The universe’s large-scale structure—networks of galaxies, clusters, and superclusters forming the cosmic web—has been shaped by gravity over billions of years, but its growth is now slower than expected.

Using data from the Baryon Oscillation Spectroscopic Survey (BOSS), researchers detected signs that structure formation today is suppressed more than models predict, and this suppression appears independent of dark energy alone.

Dark energy, discovered in 1998, is thought to drive the accelerating expansion of the universe and makes up about 70% of its total matter-energy. The leading explanation is the cosmological constant (Λ) in the standard ΛCDM model, representing vacuum energy—energy of empty space linked to quantum fluctuations producing virtual particle pairs.

While vacuum energy sounds strange, it’s experimentally verified (e.g., Casimir effect).
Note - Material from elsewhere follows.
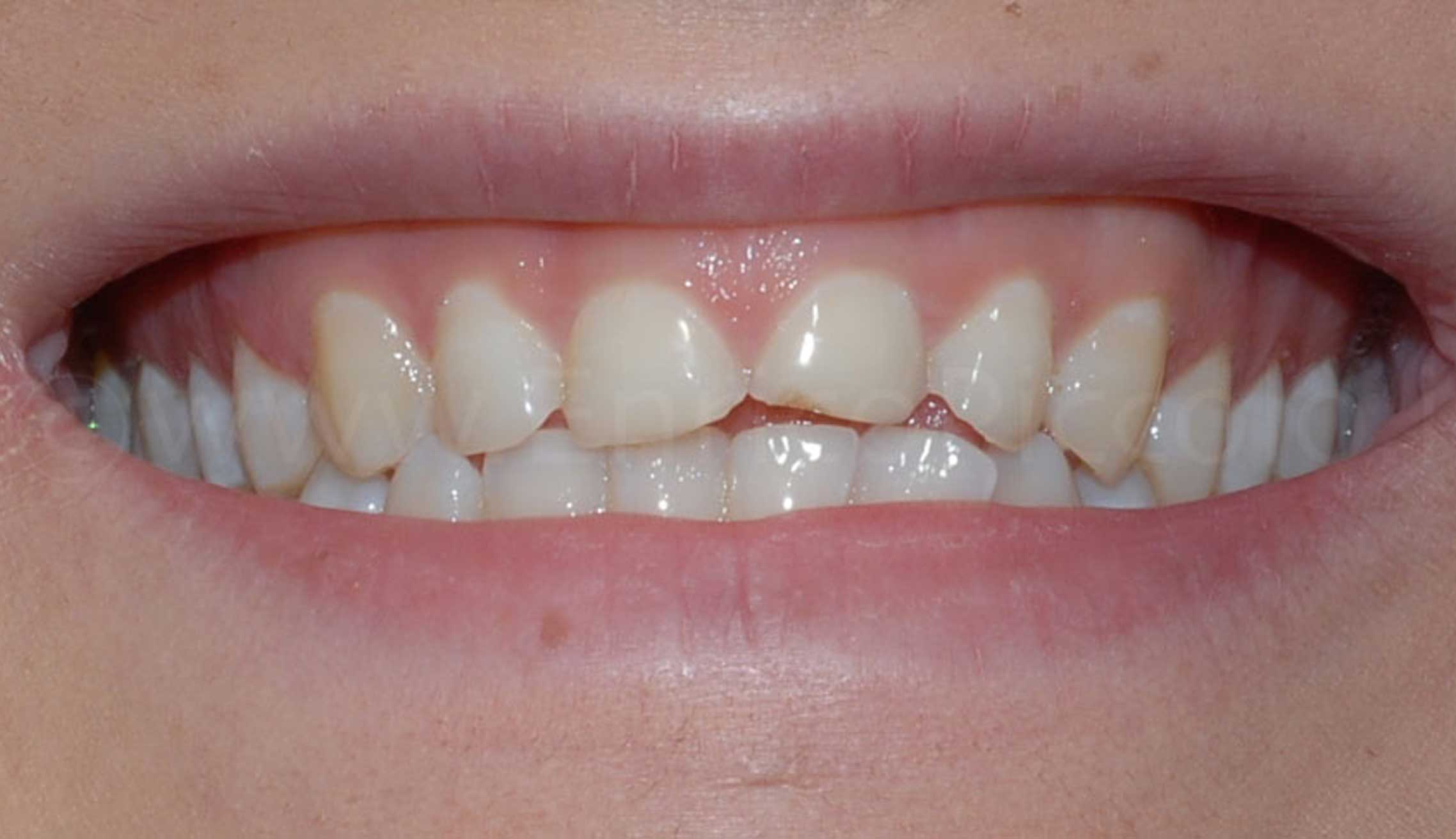 Before image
In ΛCDM, dark energy should be constant, but recent data from the Dark Energy Spectroscopic Instrument (DESI) suggests dark energy may change over time, contradicting ΛCDM predictions.

Chen and colleagues compared DESI and BOSS data and found the mystery deepened: the growth of cosmic structures is even less than expected, implying unknown physics beyond dark energy.

This suppression started roughly when dark energy began to dominate the universe, about 5 billion years ago, after matter had controlled cosmic expansion for billions of years post-Big Bang.

Though dark energy influences the expansion and slows structure formation, it alone cannot fully explain the reduced growth observed now. Statistical analysis shows the chance of these results being random is 1 in 300,000, suggesting either new physics or an unknown error in the data.

With upcoming data releases, the team plans to reexamine their findings to clarify these tensions challenging the standard ΛCDM cosmology.

Their research appears in Physical Review Letters.